• **DATA SEGMENT**
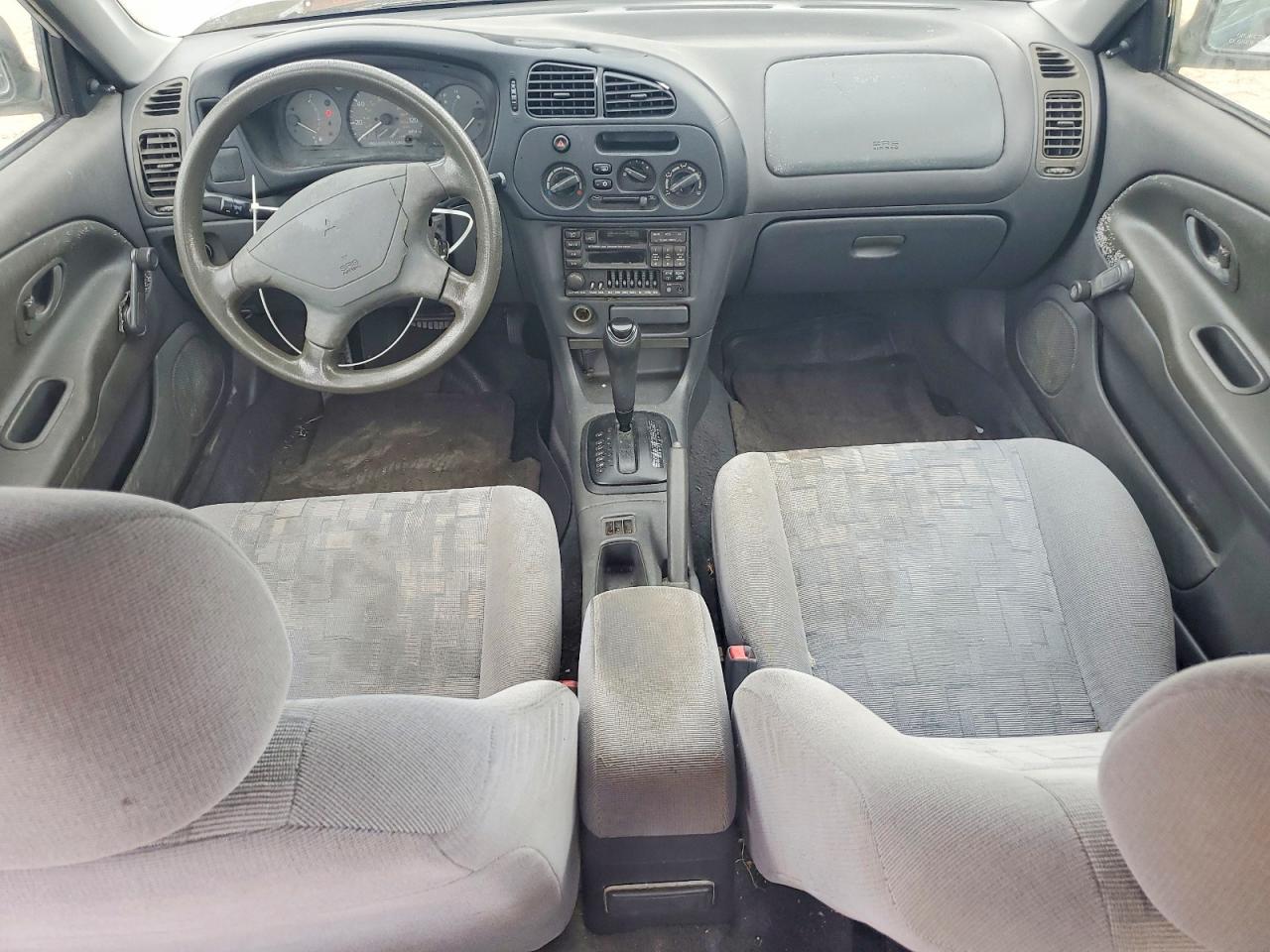 Mitsubishi Mirage De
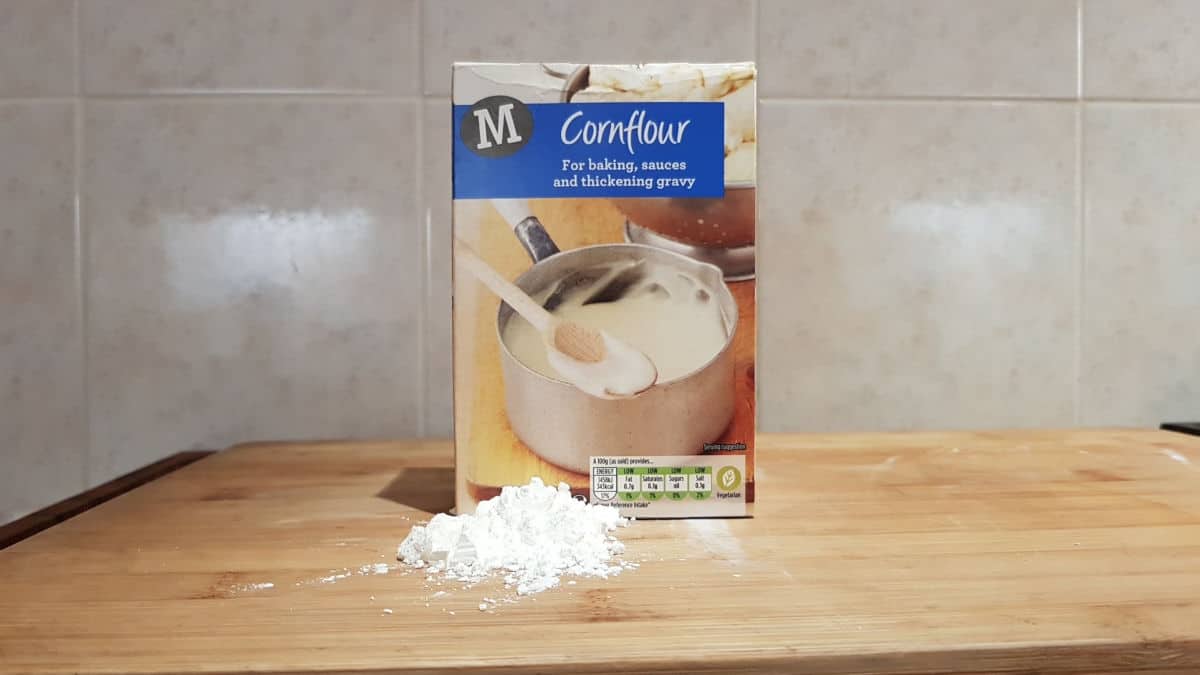 A box of cornstarch used to thicken sau.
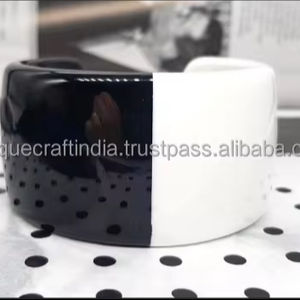 Brazalete de resina blanco y negro de diseño único-Joyería hecha a mano-Por Unique Craft India - Product Image 4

• **PROBLEM DESCRIPTION**
Your answer must be the full listing, word for word, minus any images.

• **WRITTEN RESPONSE**
 Mitsubishi Mirage De
 A box of cornstarch used to thicken sau.
 Brazalete de resina blanco y negro de diseño único-Joyería hecha a mano-Por Unique Craft India - Product Image 4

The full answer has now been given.